On Friday the Republican National Committee passed a resolution denouncing the NSA’s unconstitutional surveillance programs.

Despite RNC resolution, some Republican staunchly defend the destruction of the Fourth Amendment

The resolution renounces “the secret surveillance program called PRISM targets, among other things, the surveillance of communications of U.S. citizens on a vast scale and monitors searching habits of virtually every American on the internet.”

House Republican Jim Sensenbrenner, an author of the Patriot Act and the Chairman of the House Judiciary Committee when Section 215 of that bill was passed, said NSA surveillance is “an abuse of that law.”

He said “based on the scope of the released order, both the administration and the FISA (Foreign Intelligence Surveillance Act) court are relying on an unbounded interpretation of the act that Congress never intended.”

Instead of repealing the Patriot Act, the RNC has called for legislation to amend Section 215, the state secrets privilege, and the FISA Amendments Act to “make it clear that blanket surveillance of the Internet activity, phone records and correspondence — electronic, physical, and otherwise-of any person residing in the U.S. is prohibited by law and that violations can be reviewed in adversarial proceedings before a public court,” as stipulated by the Fourth Amendment.

The RNC resolution is highly partisan. The NSA dragnet of communications began during the Bush administration and was supported by a majority of Republicans at that time.

In December, Obama’s Director for National Intelligence, James Clapper, declassified documents revealing “the existence of collection activities authorized by President George W. Bush” including vacuum collection of internet and phone metadata under the “Terrorist Surveillance Program” (TSP).

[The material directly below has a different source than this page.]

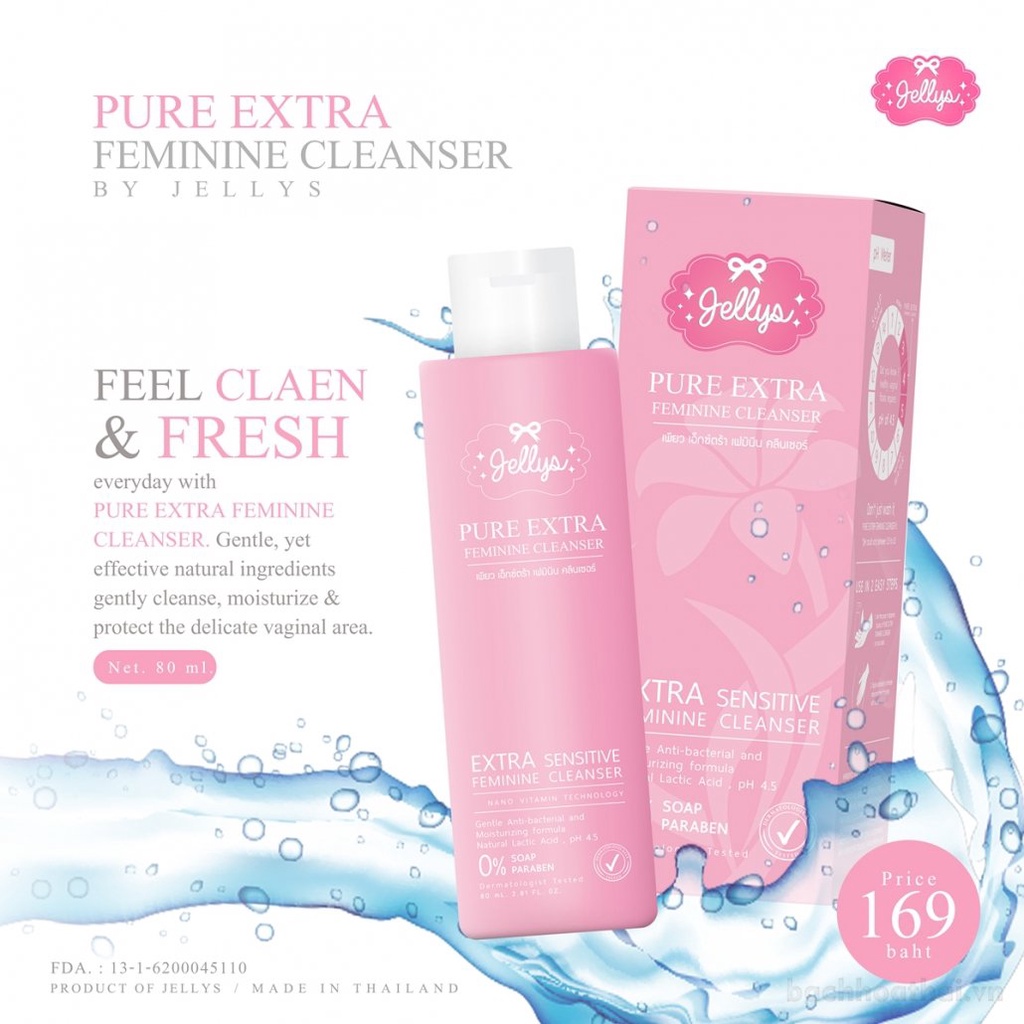 Dung dịch vệ sinh Jellys Pure Extra Feminine Cleanser (Thái Lan)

The Bush administration was intimately involved in the unconstitutional collection of data by the NSA. President George W. Bush personally issued authorizations for the programs every 30 and 60 days. The secret FISA court now authorizes the massive surveillance of American citizens and Obama is not required to issue authorization.

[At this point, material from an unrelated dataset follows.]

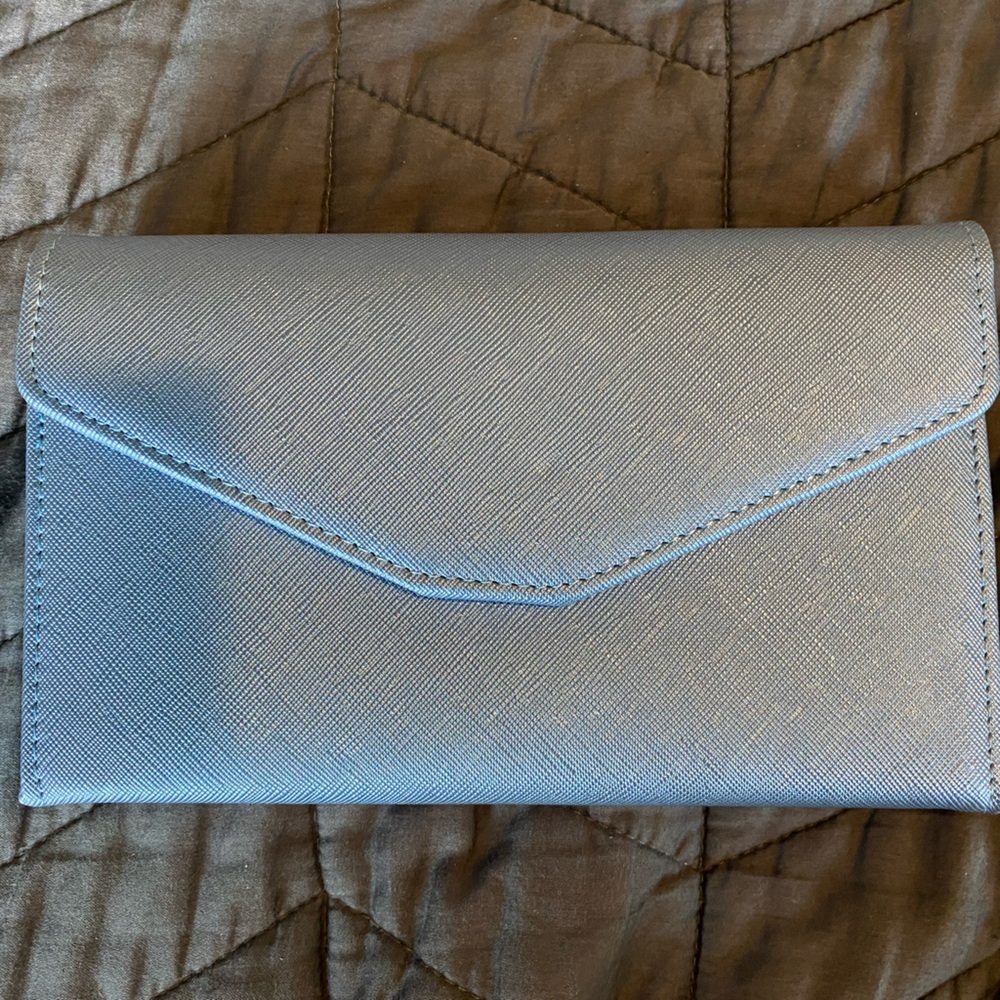 Zoppen Travelers Wallet Baby Blue 8" X 5" Vegan Leather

Hypocrisy by establishment politicians is nothing new. However, although the resolution is a welcome move and a small step in the right direction, it is a startling and some would say immensely hypocritical turnaround for Republicans.

In 2006, the RNC attacked Democrats for their opposition to NSA surveillance programs and characterized a judge’s ruling that the programs are unconstitutional as “a blow to America’s national security.”

The Bush administration argued, as the Obama administration now argues, that the surveillance programs are constitutional.